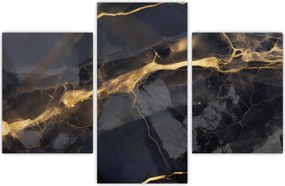 Tablou - Negru - decor auriu (90x60 cm)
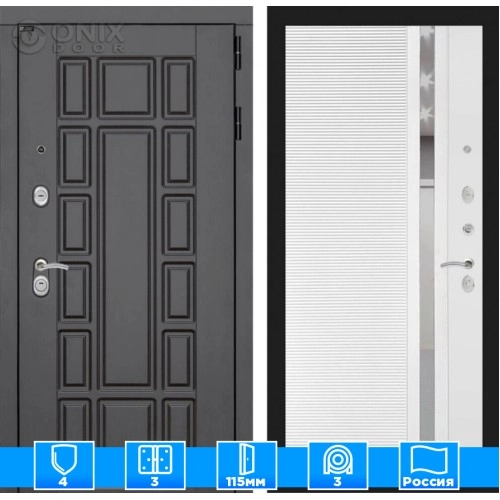 Входная дверь Нью-Йорк 31 - Белый софт, зеркальная вставка с тонировкой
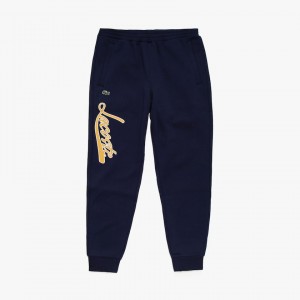 Pantalon Lacoste Script Fleece Track Hombre Azul Marino Azules | TT7-56905H7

# # # # #

Would you return the data above exactly as written, minus the images?

Exercise result:
 Tablou - Negru - decor auriu (90x60 cm)
 Входная дверь Нью-Йорк 31 - Белый софт, зеркальная вставка с тонировкой
 Pantalon Lacoste Script Fleece Track Hombre Azul Marino Azules | TT7-56905H7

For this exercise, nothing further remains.